Egypt

ElBaradei suggests People’s Assembly elect interim president

Mohamed ElBaradei on Friday suggested that the newly elected People's Assembly elect an interim president to preside over the remainder of the transitional period.

The proposal is part of a five-point initiative the former International Atomic Energy Agency head outlined on his Twitter account, designed to shorten the transitional period and facilitate the ruling Supreme Council of the Armed Forces' withdrawal from government.

ElBaradei, who many young revolutionaries see as the spiritual father of the 25 January revolution, also wrote that elections for the upper house of Parliament, the Shura Council, would be a huge waste of time and money.

“The Shura Council does not have any power and most likely will be canceled in the new constitution,” he wrote.

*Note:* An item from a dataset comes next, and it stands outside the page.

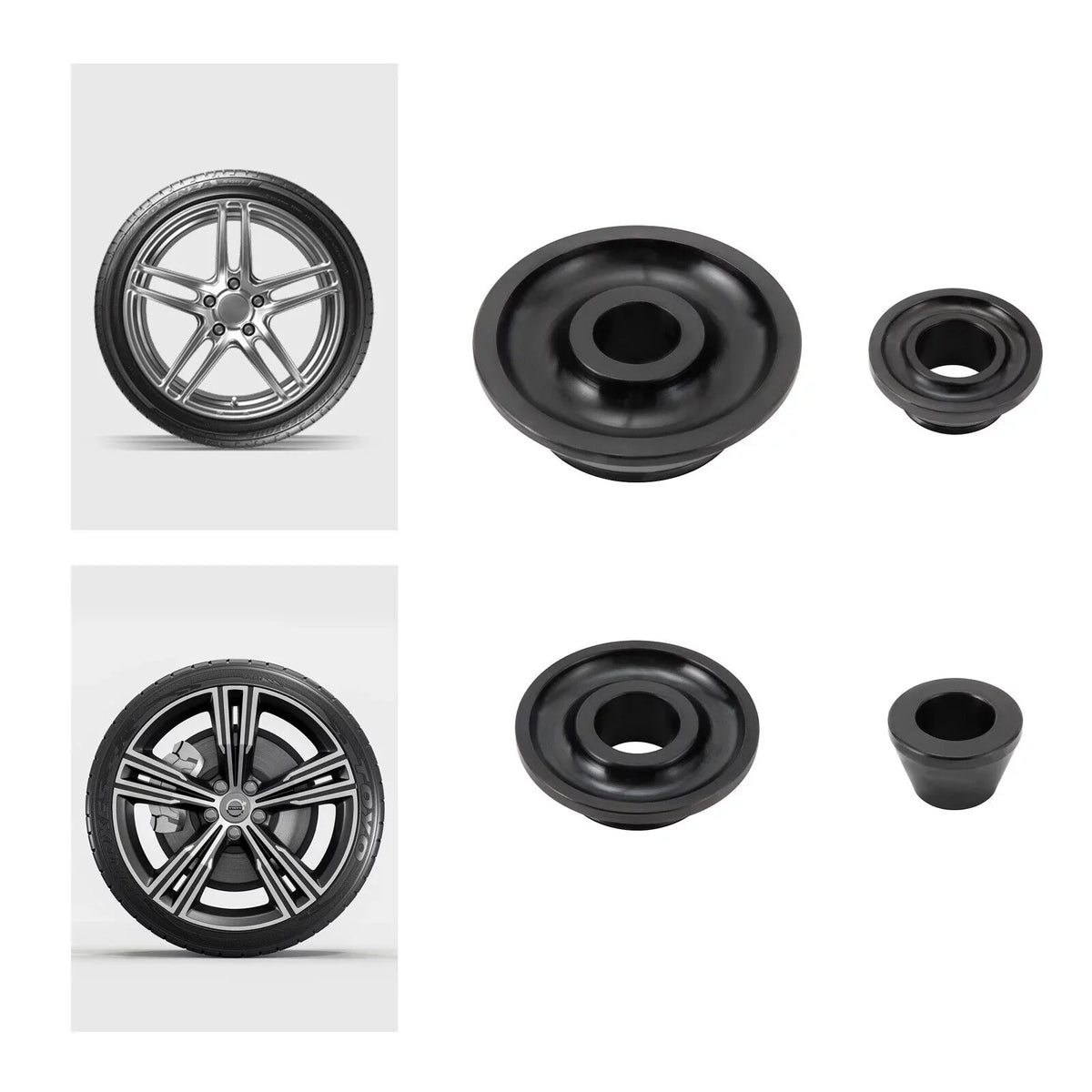 4 Sizes 36mm Tire Balancer Cones Set Wheel Balancer Adapter Cones Taper Cone Kit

Government authorities have scheduled Shura Council elections to be held in two phases, on 29 and 30 January and 14 and 15 February. Runoffs for the first stage are scheduled for 7 February and the second stage for 22 February.

“The logical sequence in the coming period should be: the People's Assembly selects an interim president, forms a constituent assembly to draft the new constitution, [and] the new constitution determines the political system and ensures a civil state, rights and freedoms,” ElBaradei wrote.

ElBaradei concluded his initiative by writing: “After one year of confusion, it's time to agree on correcting the path.”

In a tweet in English on Thursday, ElBaradei wrote: “Ball now in parliament court to implement rev goals eg laws re independent judiciary & media,military trials,emergency law. Time to deliver.” [sic]

ElBaradei's initiative is similar to the demands of many young revolutionaries who are now demanding the SCAF turn over power to the Freedom and Justice Party's Saad al-Katatny, the newly elected speaker of the People's Assembly, which is the only elected authority in Egypt at the moment.

The SCAF has repeatedly stressed it will hand over power to a civilian government after presidential elections, or by 30 June at the latest.

Some revolutionaries doubt the military rulers' pledge to leave power, citing the slow pace of reforms enacted during the transitional period.